In Coming Through Slaughter, I encountered the use of photographs in a text in a non-straightforwardly illustrative way, long before WG Sebald did the same thing. Running in the Family was an exhilarating confusion of genres that I read and reread, and loved each time, and still couldn't decode. The English Patient was like a fine film by Chris Marker (quite different from the fine film Anthony Minghella made of the same book). And the latest, The Cat's Table, is fleet and gently magical, a book full of love.

For purposes of marketing, writers are designated as poets, novelists, or something else. But writing is about matchmaking, an attempt to marry sensations with apt words. Ondaatje makes language translucent – the exact word, the exact placement of a comma – and the reader has the uncanny feeling of encountering ideas directly. His work is about the things I care most about: memory, threshholds, solitude, work (usually the work of hands), dangerous loves, half-remembered songs and scars of all kinds. It is a particular constellation of thoughts and experiences, so particular to me, I sometimes feel, that I'm unsure if I'm reading or if I'm the one being read.

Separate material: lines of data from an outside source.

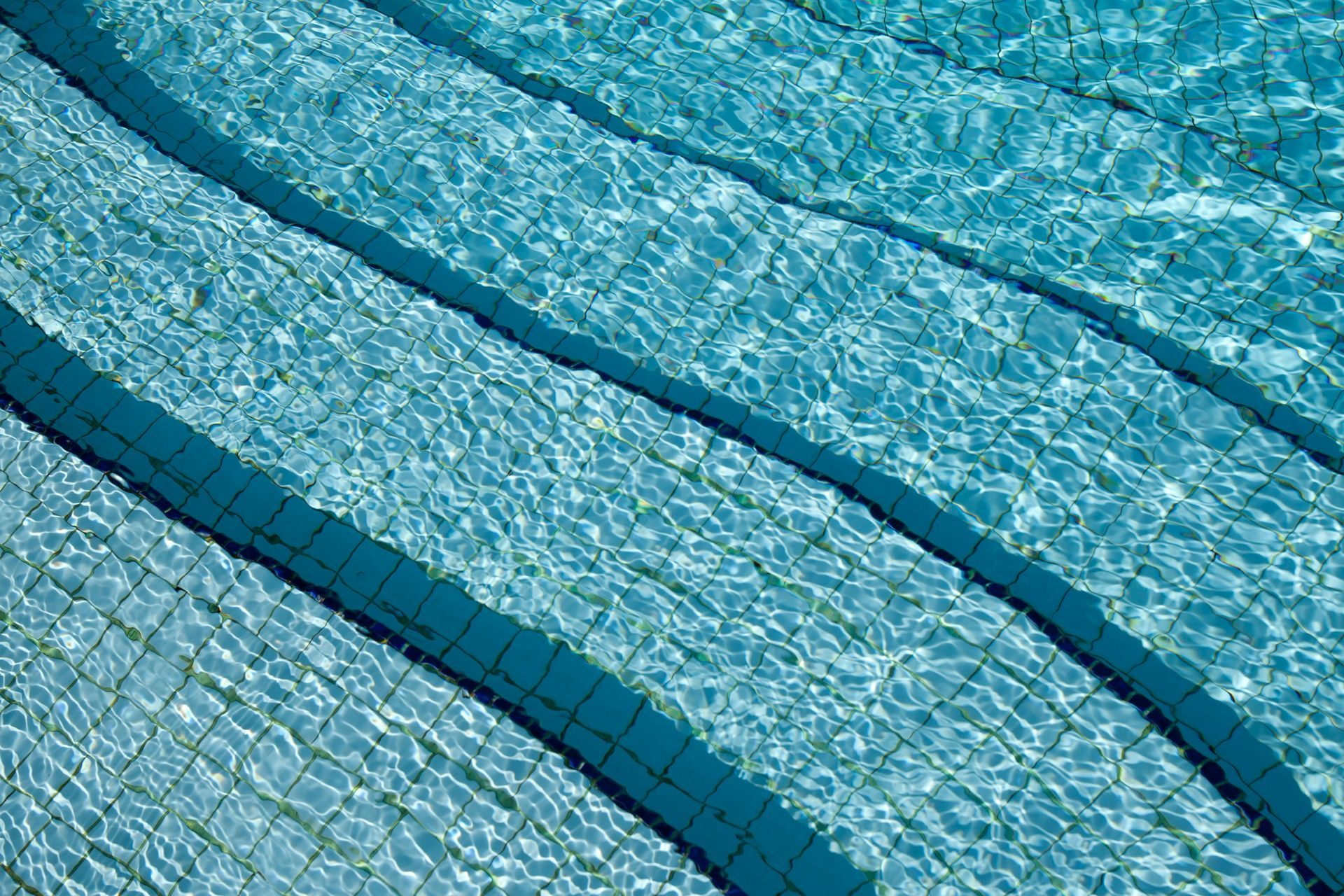 Blue swimming pool lanes with rippling water and dark lane dividers
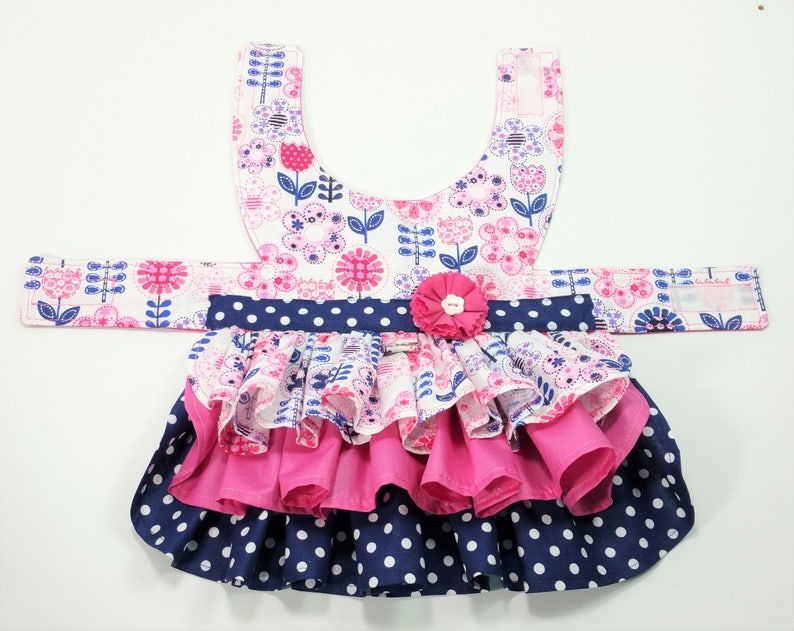 May include: A dog dress with a floral pattern in pink, white, and blue. The dress has a layered skirt with a navy blue polka dot design and a pink ruffle. A pink flower is attached at the waist.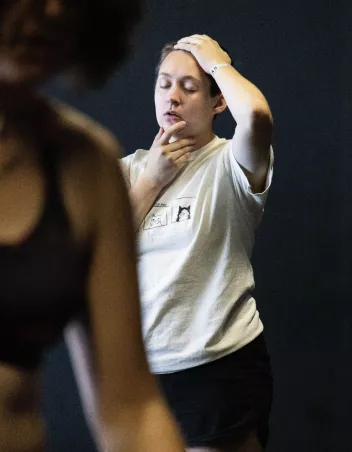 A photo of a dancer standing with her eyes closed, one hand on her throat and the other on her head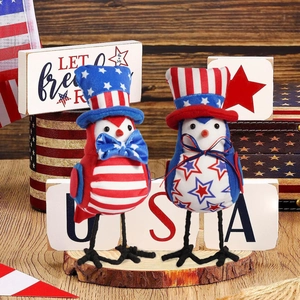 Detail of two patriotic bird figurines with stars and stripes for Independence Day decor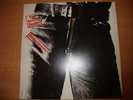 Rolling Stones Sticky fingers LP with card of the rolling stones and logo inside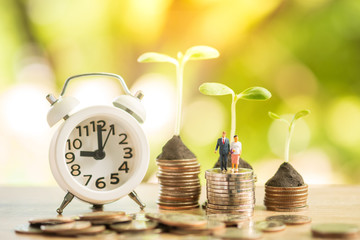 Miniature people: happy couple on stacked of coins with white clock next to, banking and saving concept.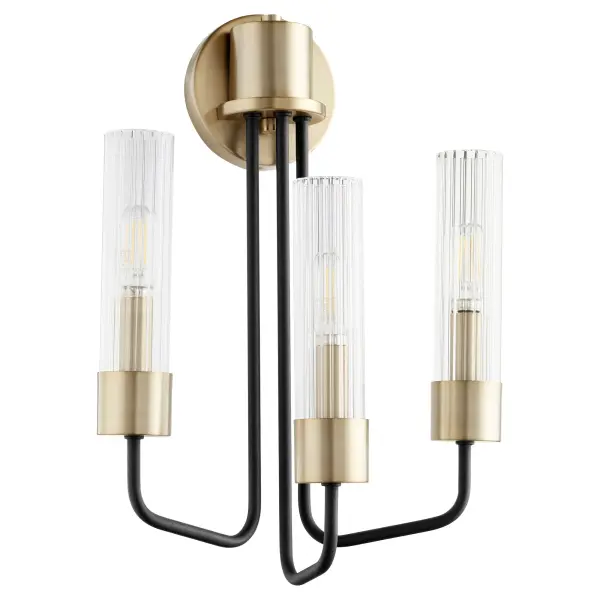 The Helix 3-Light Wall Sconce combines minimalist design with mid-century modern aesthetics. Its linear frame features soft angular curves, complemented by a sophisticated two-tone Aged Brass and Noir finish with clear fluted glass shades.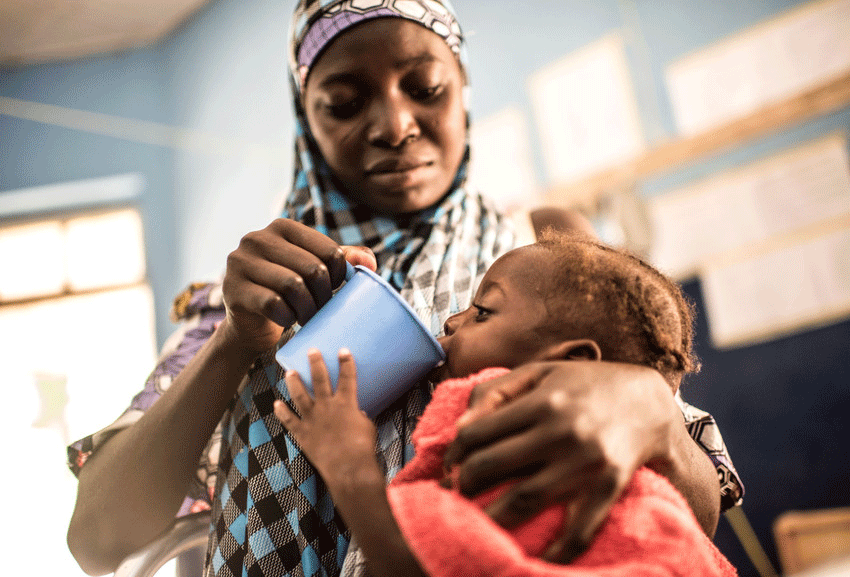 Rakiya feeding her daughter, Saliyha, therapeutic milk at a Save the Children stabilisation centre in Nigeria.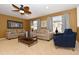 Bright living room featuring two sofas, a coffee table, and a comfortable armchair at 2112 Morocco Way, Kissimmee, FL 34747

The kind of hushed attention that Ondaatje brings to his work isn't to everyone's taste. His lyricism leaves some sceptical. The shadowed and prismatic prose regularly runs into unsympathetic critics. But that is precisely what I value about it. Here's a celebrated writer, celebrated and loved by many, who can't stop taking risks on the page, who can't stop making one-of-a-kind books. To read him is to understand that he's very good at being free. No noisy certainties here. His ambiguities are quiet and precise. I want to be like that when I grow up.

• Teju Cole's Open City has been nominated for the National Book Critics Circle award.